Yes, I admit it… I have a
t least one guilty pleasure. I had resisted for years, but one day, I found myself watching Downton Abbey just to see what all the fuss was about. And wouldn’t you know it, but I was drawn into a full-on binge-watch of all the available episodes on Netflix! This was a while ago, and the final season, I actually watched live.

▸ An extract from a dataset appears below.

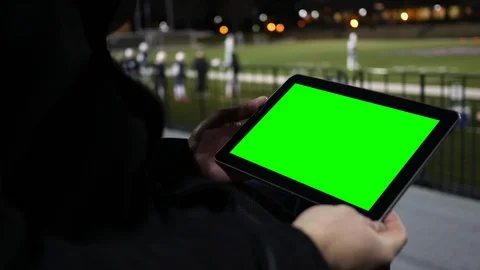Man watches Green Screen Tablet at a Football Team Practice Session from the ble Stock Footage 86001089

So, yes, I was looking forward to the movie and went to see it on Thursday September 19. How is it that when there is a Friday release date, it is actually released Thursday? Don’t get it… but anyway… There were only maybe a dozen people in the theatre, which is strange considering the box office results reported by Vanity Fair. I kind of like it that way, though. Almost like a private showing, and room for my snacks and drink in the cup holders on each side.
I arrived in good time, hoping to see some movie previews since I haven’t been to a movie in a while. I suppose they figure, though, that Downton Abbey viewers must be accustomed to TV-style commercials (not sure why since it was broadcast on PBS here) because there were maybe ten of them. And the only preview was for a TV show, Prodigal Son, about serial killers, which is really not for the same audience at all. Oh well.
The Downton Abbey movie is set two years after the end of the series, giving us a chance to catch up on what the characters have been doing since then. The only important ones missing, from my point of view, are Rose Aldridge (Lily James) and Matthew Crawley (Dan Stevens), both for logical reasons if you watched the series. The movie starts off slowly, but soon has the target audience wrapped up in the upstairs and downstairs characters once again — this is not really a movie that would make much sense if you didn’t know and love the characters.
The plot is pretty thin, being all about the royal visit of King George V and Queen Mary, but there are some nice subplots. The Downton Abbey staff have some fun getting the better of the royal staff, with my favourite character, Thomas Barrow (below), still up for some devious tricks. And Thomas (Rob James-Collier) has a really nice story line of his own, which allows him to flex his acting muscles, much more than any other actor in the movie. There’s also some intrigue as well as potential happiness for Tom Branson (Allen Leach), which is well overdue.